GRAND HOTEL, CASA NOSTRA

GIOIA GENTILE - 02/06/2017

grand-hotelStrana città Varese. Mi ricorda una bella donna che, per pudore o trascuratezza, si nasconda o si imbruttisca per evitare di essere troppo appariscente. Così, quando qualcuno riesce a scoprirne i pregi, tutti ne restiamo stupiti.

È ciò che è accaduto alla “scalea” del Sacro Monte, una scala che probabilmente molti di noi, nel corso degli anni, hanno salito con indifferenza, ignari del suo valore. Fino a martedì 23 maggio, quando, nel corso della conferenza “Giuseppe Sommaruga nel centenario della morte. Aspetti inediti di alcune opere varesine”, organizzata dalla sezione di Varese di Italia Nostra, l’architetto Bruno Bosetti ha raccontato di aver trovato nell’archivio storico del Comune di Varese un documento che ne attribuisce inequivocabilmente la paternità a Giuseppe Sommaruga.

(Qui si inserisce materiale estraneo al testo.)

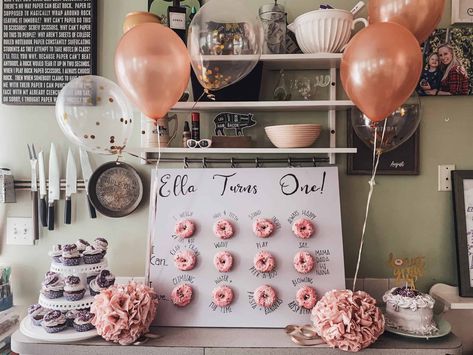 Donut grow up! A donut themed first birthday party is easy to decorate and a fun way to celebrate a one year old girls birthday party. #1stbirthday #donutbirthday #doughnutbirthday Donut One Year Old Party, Doughnut Board, Donut Ideas, Doughnut Party, Two Layer Cakes, Themed 1st Birthday, Themed First Birthday, Birthday Donuts, Purple Candy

Il Salone Estense, dove la conferenza si è svolta, era al completo e, ovviamente, il protagonista indiscusso è stato il Grand Hotel Campo dei Fiori. Mentre scorrevano sullo schermo le immagini di com’era e di com’è oggi, e mentre Elisabetta Moneta, erede di uno degli antichi proprietari, condivideva le memorie di famiglia, diverse persone, tra il pubblico, sussurravano al vicino i propri ricordi. E, almeno per un’ora, il grande albergo non è stato più solo un’”aquila pronta a spiccare il volo”, l’opera pregevole di un grande artista, ma è tornato ad essere una casa accogliente dove molti ritrovavano le proprie radici.

Io, che invece non l’avevo mai frequentato, ho immaginato l’atmosfera all’epoca della sua inaugurazione, nel 1912, e nella mia mente, allontanati gli incubi di Suspiria, le vaste sale hanno ripreso vita. Sete fruscianti, volti ombreggiati da larghi cappelli guarniti di piume e velette, musiche, danze, banchetti: eleganti coppie le animavano di nuovo, uscivano ridendo sulla sinuosa terrazza affacciata sulla valle, ignare dell’imminente catastrofe bellica.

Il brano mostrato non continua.